Systems for the 47 have been given the same thought and attention to detail as the construction. The goal was to locate heavy objects near the boat’s center of gravity to reduce pitching in head seas and to smooth out the boat’s motion when surging downwind. The engine sits under the galley counter amidships; the 1,000 amp/hour battery bank is directly over the keel; and more than a ton of water and fuel is placed directly amidships on either side of the keel.

The huge battery complement is fed by a custom alternator installation – one of the best, incidentally, that BWS has ever seen. Using a flexible coupling on the front of the main engine to drive a fixed-mounted power take-off unit, the engine can drive a massive 150-amp Balmar alternator that delivers more than 100-amps of effective output even after heating up, without adding weight, vibration or extraneous brackets to the engine. Having made a real effort to reduce electrical consumption – florescent and halogen lights, vacuum-panel insulation in the fridge, and so on – daily power consumption has been reduced to under 100 amp/hours, which in turn translates into less than an hour of engine-battery charging time per day.

If the devil is in the details, then this Aerodyne’s construction and systems engineering make her one devilishly fine boat.

The engine failure in St. Lucie Inlet was one of those things that happens to all sailors. We determined later that the cause was overheating due to a leak in the freshwater cooling circuit – the last item, incidentally, that the local boat yard (allegedly) had repaired! Sound familiar? Still the incident gave us a chance to see how well the 47 handles in a jam and how much confidence one derives from the boat’s ability to sail its way in or out of just about any situation.

One of the questions that many sailors have of a light-displacement, fin-keel performance cruiser is this: How will it handle sailing into head seas? Will it pound or crash off waves and knock out everyone’s fillings? So, we were delighted to discover as we cleared the inlet in a short steep chop that the 47 does not crash and bang in these conditions, even at seven knots. The hull lands with a firm swoosh and continues sailing ahead at speed instead of stopping short and shuddering like a startled mule.

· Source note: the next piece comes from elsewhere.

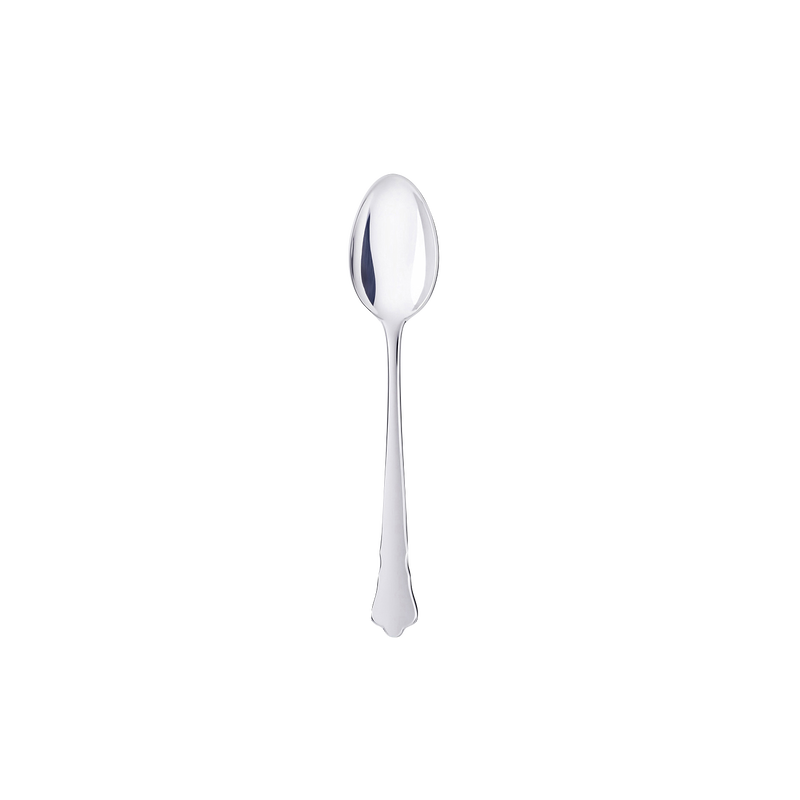 Chippendale Silverplated Coffee spoon Chippendale Silverplated Coffee spoon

With the high-roach main spreading extra sail area 50 feet aloft, we also wondered how the boat would react in gusty weather. First, in 23 knots of apparent wind the boat heeled over to approximately 18 degrees and stayed there – a comfortable angle. There was no need to shorten sail. Second, as puffs came at us, piping up to 25 and 27 on occasion, we felt her heel a bit, but more impressive was the way the boat surged forward, translating wind power into boatspeed. The ride was exhilarating, not unlike the sensation one gets from a little added pressure on a Porche 911’s accelerator.

Once we were a few miles away from the coast, we cracked off onto a beam reach to see how she handles a running beam-on swell of four to six feet. At 10 to 11 knots, the boat was sailing fast and easily, with very little pressure on the helm and no tendency to round up in puffs or as big swells rolled under us. This steady-as-she-goes, positive-tracking behavior in bouncy conditions comes from the forward position of the mainmast, the hull’s balanced water plane, the shape and size of the keel and the size of the rudder. After a few minutes we switched on the autopilot and watched with pleasure as the 47 held her course with no groaning from the equipment or corkscrewing in the somewhat crazy seas.
Falling off to a broad reach, she continued to accelerate and was able to hold elevens easily. The main is the prime driver on this angle and here is where all that roach really shines. But the 100-percent jib on the jib boom does its share as well; the jib boom holds the jib flat and keeps the head of the sail closed as it is eased – unlike a free-flying jib – so the sail adds real power to the downwind rig.

It was blowing too hard to hazard the reacher or cruising chute, so the only downwind suit we got our teeth into was wing-and-wing as we sailed back through the inlet. It was an interesting test, as the running sea and 15 knots of breeze were now meeting two-and-a-half knots of ebbing tide. The inlet was a washing machine of breaking seas, cross seas and swirling currents.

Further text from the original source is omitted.